A singular subject with attached phrases introduced by with or like or as well as is followed by a singular verb.

E.g.

  • The boy, with several others, was late for school.
  • Meiling, like Johan, is tall for her age.
  • Tom, as well as Fred,is on the first shift.

Two singular nouns or pronouns separated by either … or or neither … nor take a singular verb.

E.g.

  • Either he or she has eaten the cake.
  • Neither Meera nor Gopal knows anything about the accident.

Amounts, even if plural, have a singular verb.

E.g.

  • Sixty dollars is too much to pay for that dress.
  • Ten kilometres is too long a distance for me to walk.
  • Five kilogrammes of flour is all that I need for my baking.

There are some occasions when we should use plural verbs.

When two or more plural subjects are connected by “and”, the verb is plural.

E.g.

  • The officers and his men were patrolling the area.
  • Domestic cats and dogs need adequate care and attention.

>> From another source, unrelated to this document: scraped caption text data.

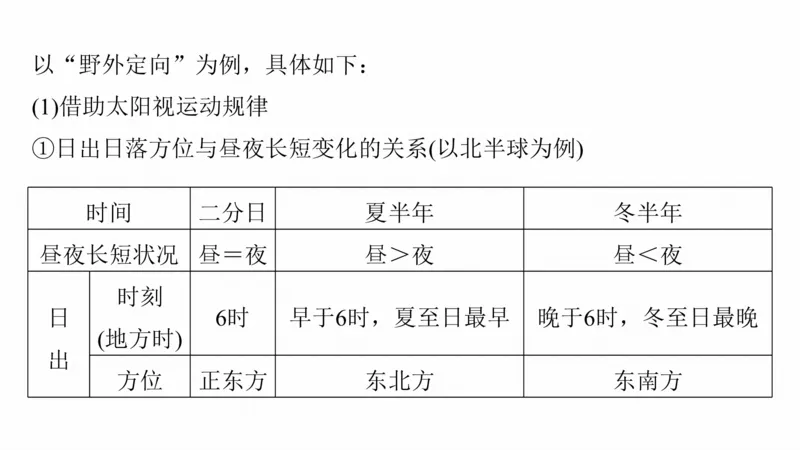 2025年高考地理二轮复习课件通用版专题9　实践活动探究_9.2025地理总复习_2025年新高考资料_二轮复习_2025年高考地理二轮复习课件全国通用（ppt+pdf资源）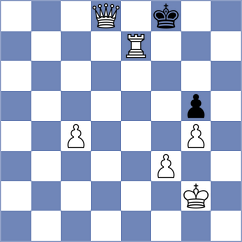 Caiza Perez - Ulloa Centeno (Chess.com INT, 2021)
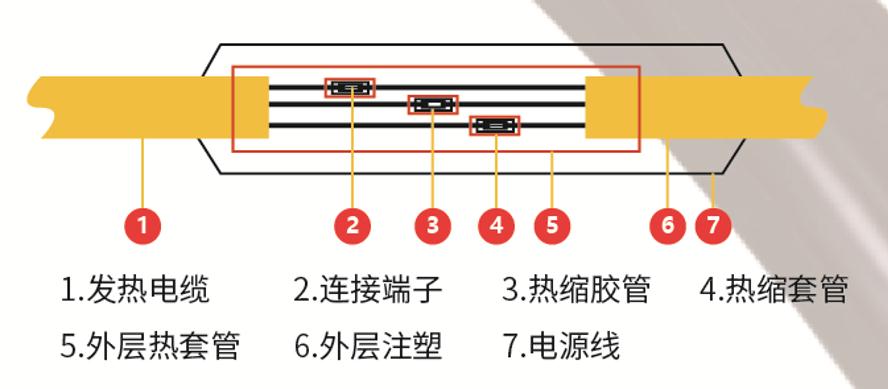 接头照片.jpg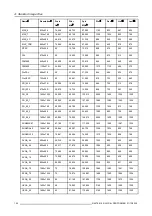 Preview for 154 page of Barco RLM R6+ Performer Owner'S Manual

Plural subjects separated by either…or or neither … nor,both …and, and all but take a plural verb.

E.g.

  • Either the boys or the girls are to blame.
  • Neither the contestants nor the audience were aware of the fire.
  • All but Sam are going to the cinema.
  • Both the twins are attending their graduation ceremony.

Another problem that users of English face is this: does the verb in a sentence agree with the noun (subject) before it or the noun or adjective after it (complement)?

The answer is that it should agree with the subject – the noun before it.

E.g.

  • The thing (subject) we need at this moment is (verb) more eggs.
  • The greatest benefit (subject) is (verb) the opportunities presented to our staff.